3.2. Architecture Exploration

Architecture exploration is the design step to find the system level architecture and map different parts of the specification to the allocated system components under design constraints. It consists of the tasks of selecting the target set of components, mapping behaviors to the selected components and implementing correct synchronization between the components. Note that the components themselves are independent entities that execute in a parallel composition. In order to maintain the original semantics of the specification, the components need to be synchronized as necessary. Architecture exploration is usually an iterative process, where different candidate architectures and mappings are experimented to search for a satisfactory solution.

As indicated earlier, the timing constraint for the Vocoder design is the real time response requirement, i.e., the time to encode and decode the speech should be less than the speech time. The test speech has a 3.26 seconds duration. Therefore, the final implementation must meet this time constraint. In this chapter we see how we arrive at a suitable architecture with keeping this requirement in mind and using the refinement tool.

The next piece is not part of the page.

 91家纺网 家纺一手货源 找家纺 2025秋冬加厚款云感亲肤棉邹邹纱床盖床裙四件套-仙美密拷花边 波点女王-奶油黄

3.2.1. Try pure software implementation

The goal of our exploration process is to implement the given functionality on a minimal cost architecture and still meet the timing constraint. The first approach is to implement everything in software so that we do not have the overhead of adding extra hardware and associated interfaces. To accomplish this, we first select a processor out of our component database. Thereafter, we map the entire specification on to this processor. Once the mapping is done, we invoke the analysis tool to see if the processor alone is sufficient to implement the system.

3.2.1.1. Try pure software implementation (cont'd)

Before we move on, the top level behavior of the design needs to be specified. This is necessary because the specification model may have some test bench behaviors, which are not going to be included in the final design. It may be recalled that the project we are working with involves not only the design-under-test (DUT) but also the behaviors that drive it. For example, the behaviors "Monitor" and "Stimilus" are just testbench behaviors while the behavior "Coder" represents the real design. To specify "Coder" as the top level behavior, right click on "Coder" to bring up a drop box menu then left click on Set As Top-Level.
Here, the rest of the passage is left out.